I am processing a bunch of data and I haven't coded a duplicate checker into the data processor yet, so I expected duplicates to occur. I ran the following SQL query:
SELECT body, COUNT(body) AS dup_count
FROM comments
GROUP BY body
HAVING (COUNT(body) > 1)
And get back a list of duplicates. Looking into this I find that these duplicates have multiple hashes. The shortest string of a comment is "[deleted]". So let's use that as an example. In my database there are nine instances of a comment being "[deleted]" and in my database this produces a hash of both 1169143752200809218 and 1738115474508091027. The 116 is found 6 times and 173 is found 3 times. But, when I run it in IRB, I get the following:
a = '[deleted]'.hash # => 811866697208321010
Here is the code I'm using to produce the hash:
def comment_and_hash(chunk)
comment = chunk.at_xpath('*/span[#class="comment"]').text ##Get Comment##
hash = comment.hash
return comment,hash
end
I've confirmed that I don't touch comment anywhere else in my code.
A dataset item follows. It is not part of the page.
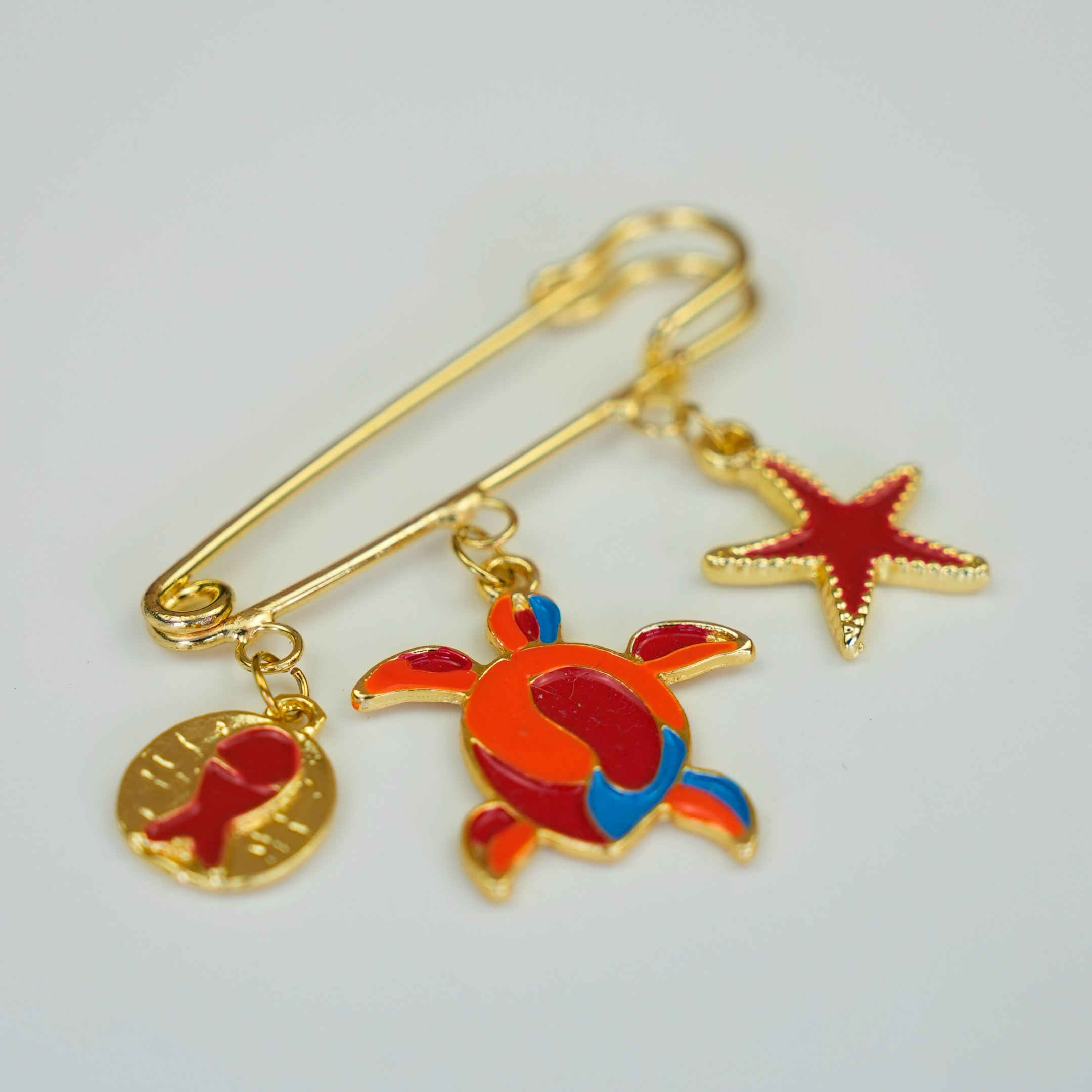 Turtle Tale Çengelli İğneli Giyim & Çanta Süsü – PinCharm (Bag Charm) | Happyangels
Here is my datamapper class.
class Comment
include DataMapper::Resource
property :uid , Serial
property :author , String
property :date , Date
property :body , Text
property :arank , Float
property :srank , Float
property :parent , Integer #Should Be UID of another comment or blank if parent
property :value , Integer #Hash to prevent duplicates from occurring
end
Am I correct in assuming that .hash on a string will return the same value each time it is called on the same string?
Which value is the correct value assuming my string consists of "[deleted]"?
Is there a way I could have different strings inside ruby, but SQL would see them as the same string? That seems to be the most plausible explanation for why this is occurring, but I'm really shooting in the dark.
If you run
ruby -e "puts '[deleted]'.hash"
several times, you will notice that the value is different. In fact, the hash value stays only constant as long as your Ruby process is alive. The reason for this is that String#hash is seeded with a random value. rb_str_hash (the C implementing function) uses rb_hash_start which uses this random seed which gets initialized every time Ruby is spawned.
You could use a CRC such as Zlib#crc32 for your purposes or you may want to use one of the message digests of OpenSSL::Digest, although the latter is overkill since for detection of duplicates you probably won't need the security properties.
I use the following to create String#hash alternatives that are consistant across time and processes
require 'zlib'
def generate_id(label)
Zlib.crc32(label.to_s) % (2 ** 30 - 1)
end
Ruby intentionally makes String.hash produce different values in different sessions: Why is Ruby String.hash inconsistent across machines?